Crisp and Barr said they were working the night shift on April 17, after the store had closed, when two men wearing Ku Klux Klan costumes approached them.
The hooded men leapt out at the plaintiffs, waving their arms and yelling, they said.
As Barr and Crisp watched in shock, the two hooded men ran to the back of the store, took off the costume and revealed themselves as co-workers Lemas and Nebrowski.
Even more shocking, Barr and Crisp said, Eun laughed with the hooded men and instructed them to hide the Klan hoods.
Their lawsuit claimed Eun knew about and assisted in the racist attacks.
“Once I discovered the supervisor was part of it, that increased my fear level,” Barr said after a news conference in Pasadena Tuesday.
Barr and Crisp said they were the only two African-American employees on the work floor at the time. And they believe their safety, as well as their families’, has been jeopardized.
“It’s a shocking thing for me, not something that I expected to see, especially not in California,” Barr said.

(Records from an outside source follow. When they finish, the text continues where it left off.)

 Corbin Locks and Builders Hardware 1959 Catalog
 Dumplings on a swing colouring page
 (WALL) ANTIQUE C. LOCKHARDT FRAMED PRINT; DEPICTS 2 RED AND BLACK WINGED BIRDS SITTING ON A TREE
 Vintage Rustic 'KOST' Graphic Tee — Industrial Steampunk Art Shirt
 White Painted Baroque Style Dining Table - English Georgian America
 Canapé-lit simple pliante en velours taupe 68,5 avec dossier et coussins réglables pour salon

Jaramilla said her client is suing Home Depot, along with the workers and the supervisor; because the company has been condoning a hostile workplace and “refused to take any step,” such as starting tolerance training, to make sure it doesn’t happen again.

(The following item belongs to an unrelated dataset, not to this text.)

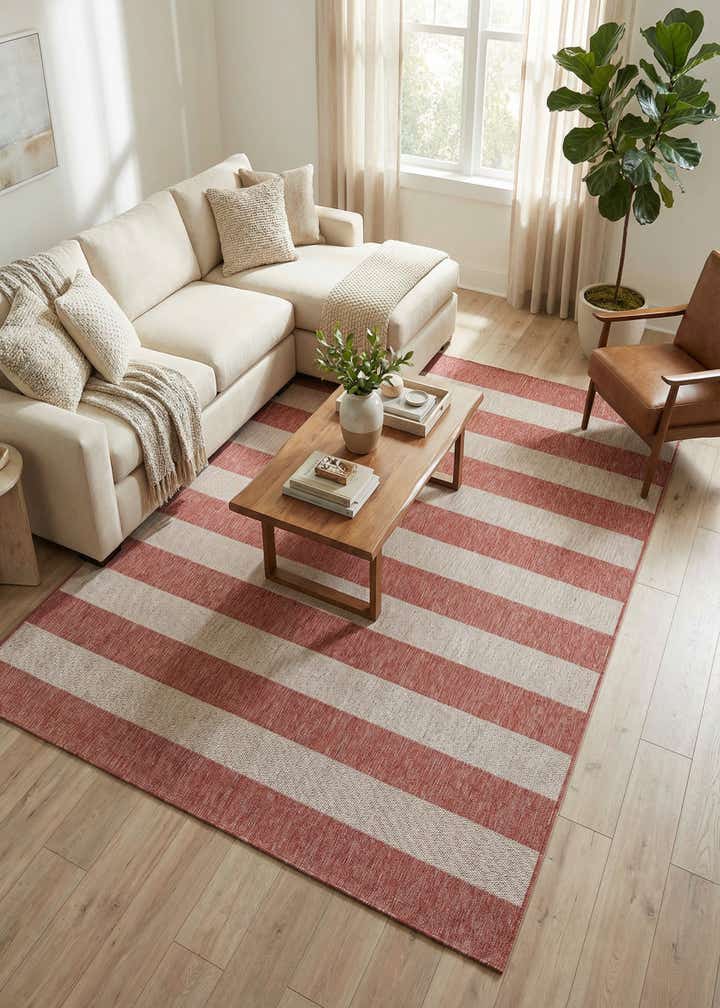 7' 10 x 10' Easy-Clean Striped Indoor / Outdoor Rug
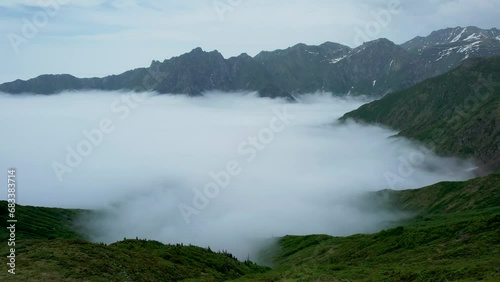 artvin arhavi highlands wonderful mountain view in the cloud sea and a few village houses in the middle of green nature photo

“You’d expect Home Depot, as big as it is, would have a program in place,” Jaramilla said. “But they failed.”
Home Depot, headquartered in Atlanta, is the second-largest retailer in the country with 1,500 stores in North America.
Although Lemas and Nebrowski were fired soon after the April 17 incident, Eun was not, the plaintiffs’ attorney said.

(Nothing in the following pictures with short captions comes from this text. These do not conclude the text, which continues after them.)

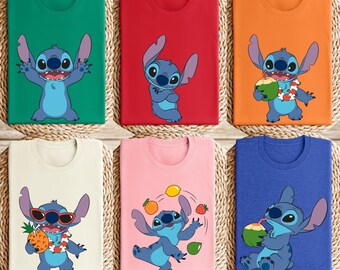 Stitch Summer Shirt, Cute Disney Stitch Shirt, Birthday Stitch Shirt, Aesthetic Stitch Tee, Stitch Movie Shirt, Tropical Stitch Shirt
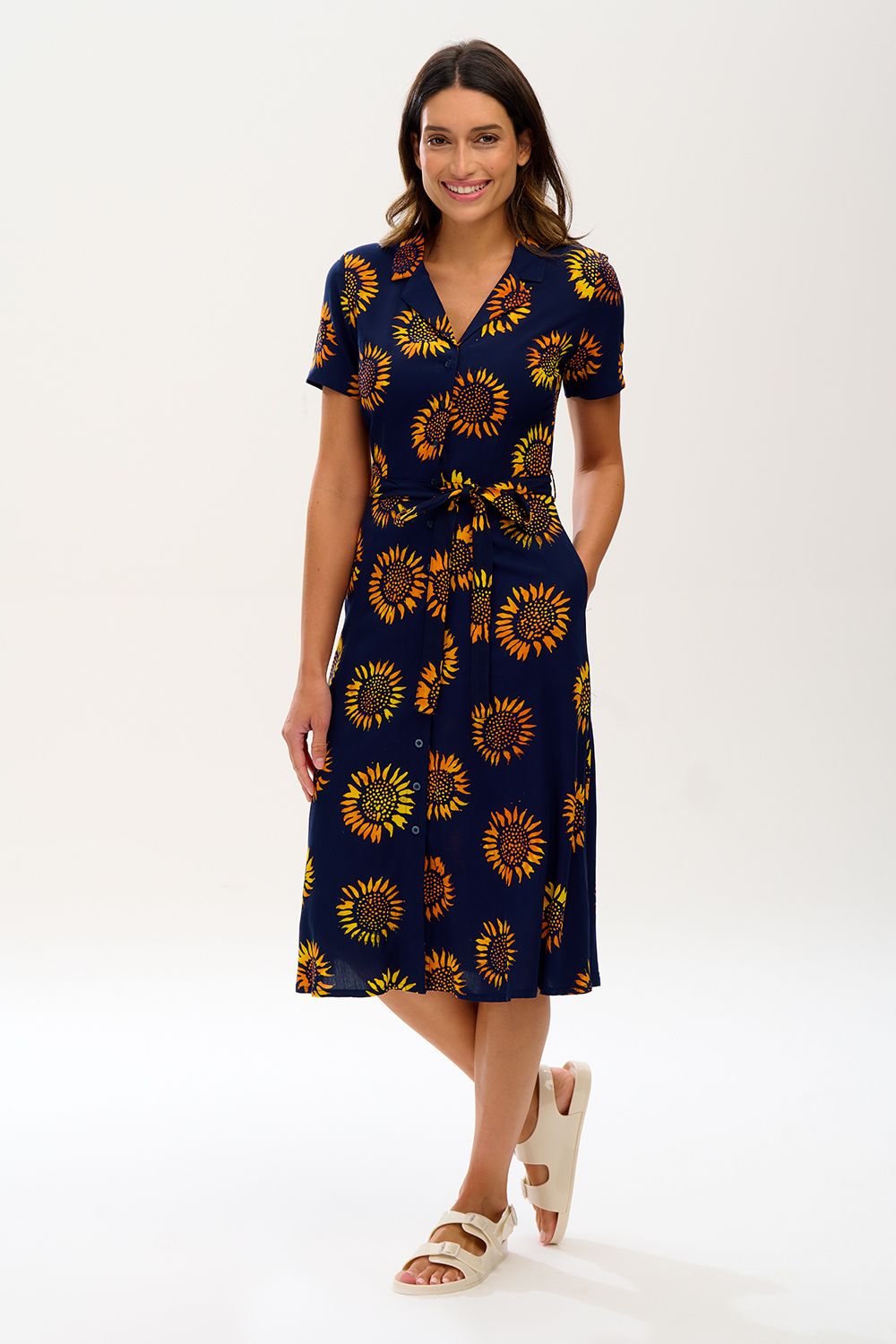 Fiona Batik Midi Shirt Dress - Navy Blue with Sunflower Print | Casual Summer Dress for Women, Beach Cover Up, Boho Chic Outfit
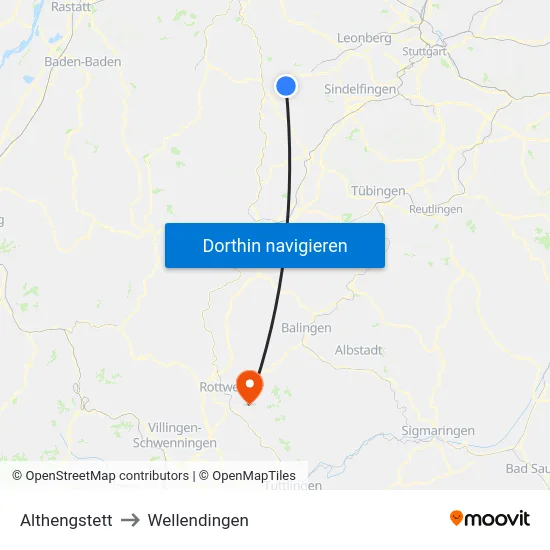 Althengstett to Wellendingen map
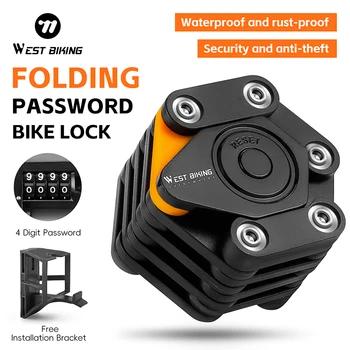 WEST BIKING Lucchetto Pieghevole per Bicicletta con 4 Cifre, Antifurto Portatile per E-Bike e Monopattini, Lucchetto a Combinazione Pieghevole, Accessorio per Ciclismo
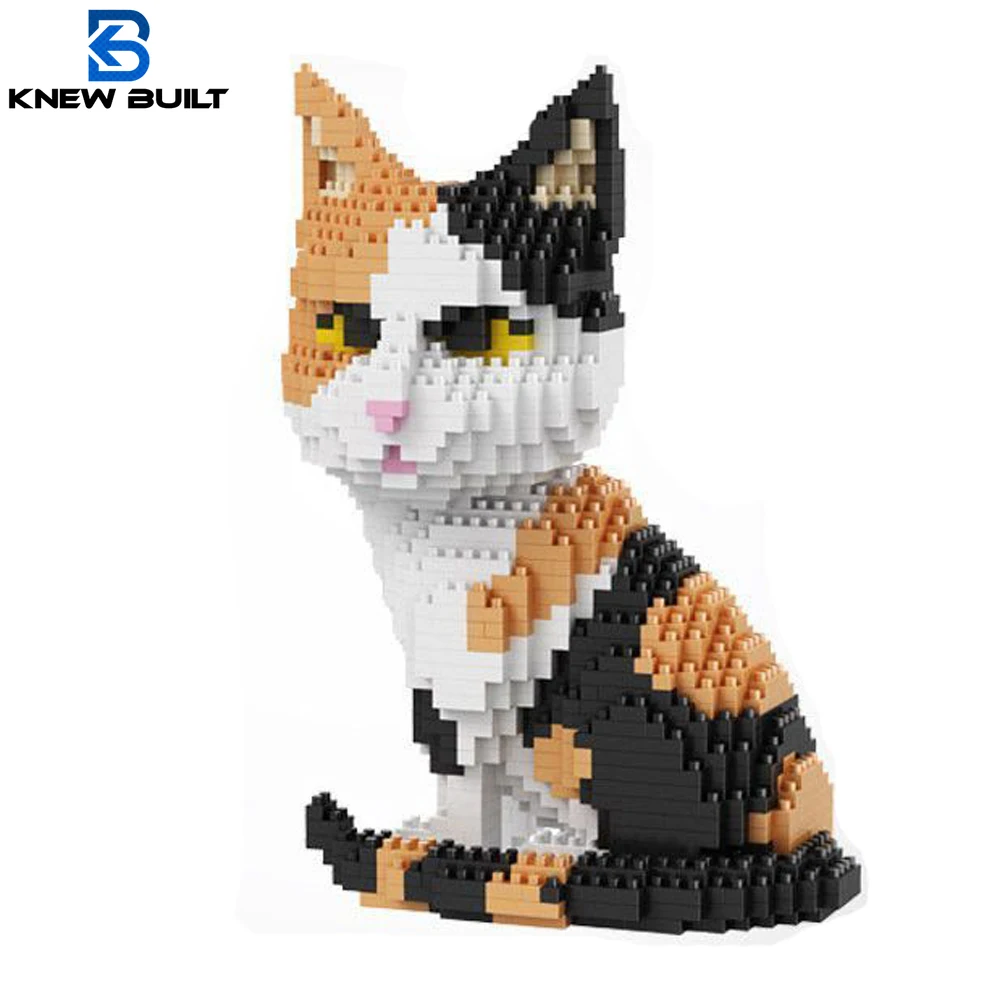 Uilt orange cow mini cat model building blocks 4 styles expressive faces pet lover toys thumb200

“Despite their complaints, Mr. Barr and Mr. Crisp were forced to work under direct supervision of the supervisor who participated in the incidents,” said Dan Stormer, co-counsel for Barr.
Also, hangman’s nooses began to appear in various locations in the Woodland Hills store in the weeks following the incident.
Employment lawyers said Home Depot’s liability will turn on whether Eun indeed actively participated in the harassment.
“It’s the classic racial discrimination case,” said Paul Sweeney Jr., attorney at Kirkpatrick & Lockhart in Los Angeles. “California employers are not allowed to discriminate in the workplace. If they do, they can be liable.